Key trends in life insurance operations
- July 18, 2020
SummaryThree key life insurance industry trends have important ramifications and create strategic opportunities for insurers’ derivative operations and hedging programs.
A prolonged low-interest rate environment has challenged the returns of life insurers for more than a decade. With the Federal Reserve lowering interest rates in 2019 for the first time since the great recession, companies now face renewed concerns with how this may impact their financial performance and investment strategies. Chatham Financial has observed firsthand three key trends taking place across the life insurance industry in reaction to the current economic environment. These trends have important ramifications and create strategic opportunities for insurers’ derivative operations and hedging programs.
Trend 1: Reducing costs and improving operational efficiencies
In a sustained low-interest rate environment, investment yield is harder than ever to generate, even for the most sophisticated investors. According to US Statutory reports, life insurance net yields on invested assets have fallen almost 40% in the last 10 years1. As a result, companies have renewed their focus on processes and cost-saving opportunities. In fact, firms who modernize and generate process efficiencies often gain significant competitive advantages. By closely evaluating internal processes, insurers often find operational functions that require improvement. For example, large US life insurers spend up to $30 million annually to manage derivative operations. Even for small- to medium-sized life insurers, derivative operations cost in the many millions of dollars. Insurers should analyze the components of these costs and consider if cost savings and efficiencies can be gained. Can all the resources to support these programs – including manpower, software, hardware, and supporting systems – be utilized more efficiently? Many companies find that that answer to this question is a resounding “yes!” In some cases, savings of 40% or greater are realistically achievable.

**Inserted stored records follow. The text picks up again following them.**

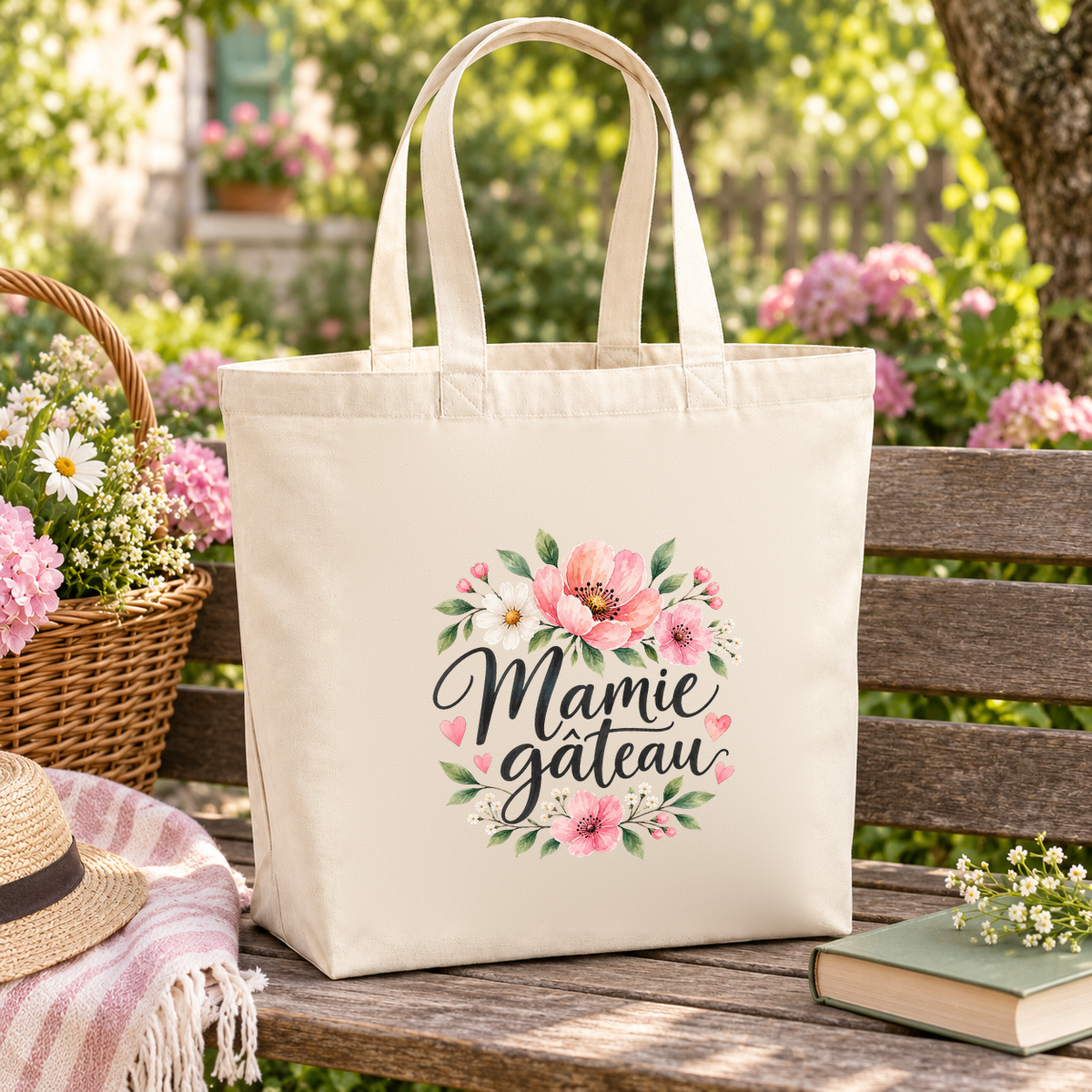 Tote bag mamie « Mamie gâteau » Premium posé sur une table de jardin, à côté d'un panier de fleurs et d'un livre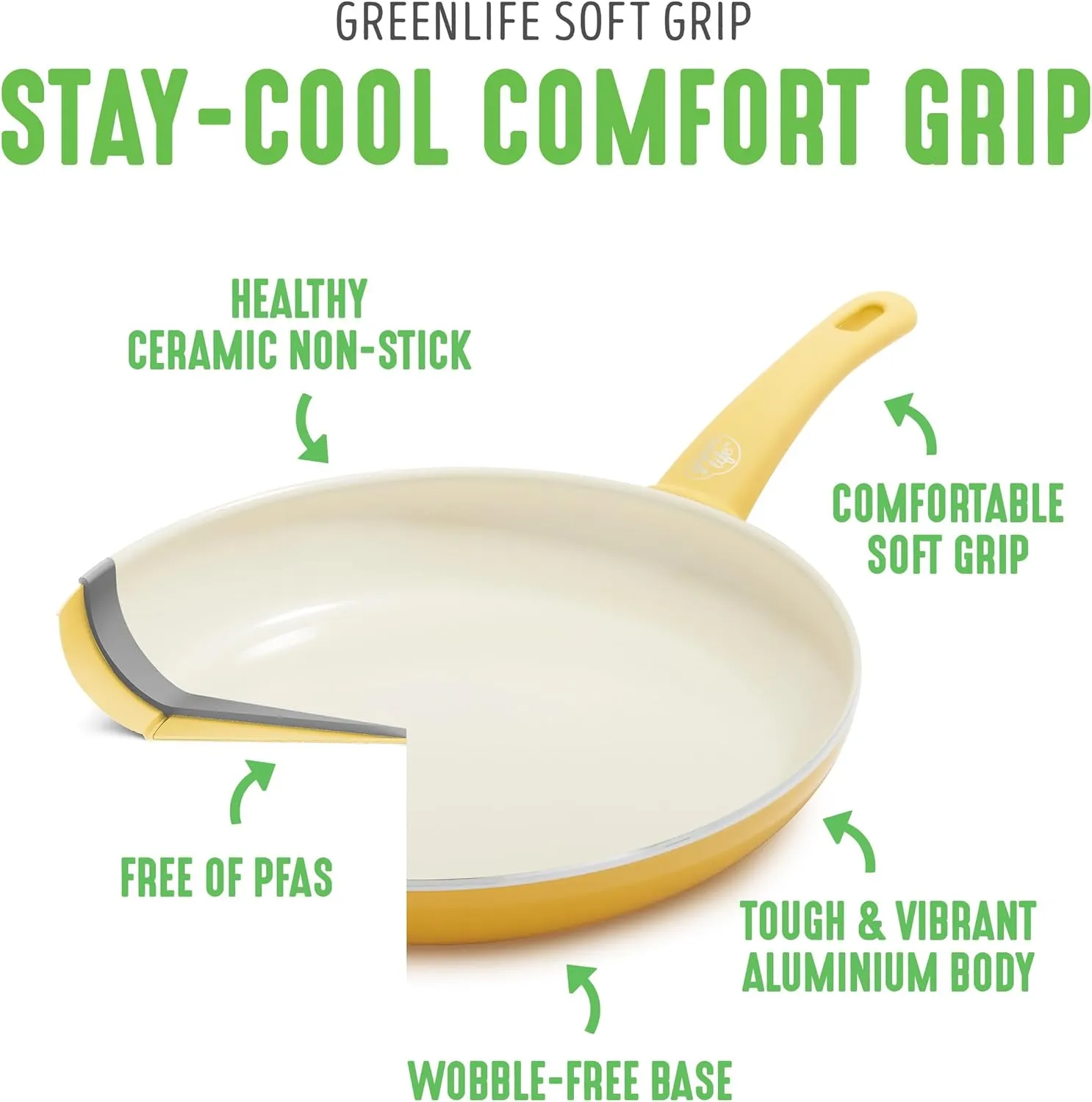 GreenLife Soft Grip 16 Piece Cookware Set, Non-Toxic PFAS-Free Ceramic Nonstick, Frying, Sauce, Saute, Utensils, Glass Lids, Stay-Cool Handles, Wobble Free, Dishwasher & Oven Safe, Yellow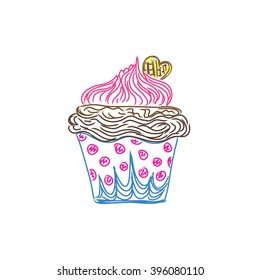 Cupcake in doodle style, sketch, vector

Trend 2: Updating technology
According to KPMG International’s 2019 Global CEO Outlook2, 73% of insurance firms are expected to undergo radical technologic transformations to remain competitive. Thoughtful technology usage can help create innovative products, provide a holistic and enduring customer experience, and produce internal efficiencies. This certainly applies to many insurers’ derivative operations processes where companies are dealing with outdated systems that are inflexible, costly to maintain, and unable to support the business’s growing needs. These inadequate solutions create a drag on the business that leads to delays in new strategy implementation, continued drains on operating budgets, and a weakened control environment. When considering technology solutions, companies should consider a technology’s ability to provide flexibility, extensibility, and scalability, all while controlling against inflated or rapidly rising future costs. When successfully implemented, life insurers can greatly benefit by automating operational procedures, improving their control environment, and freeing up key personnel to focus on higher-order and more strategic initiatives.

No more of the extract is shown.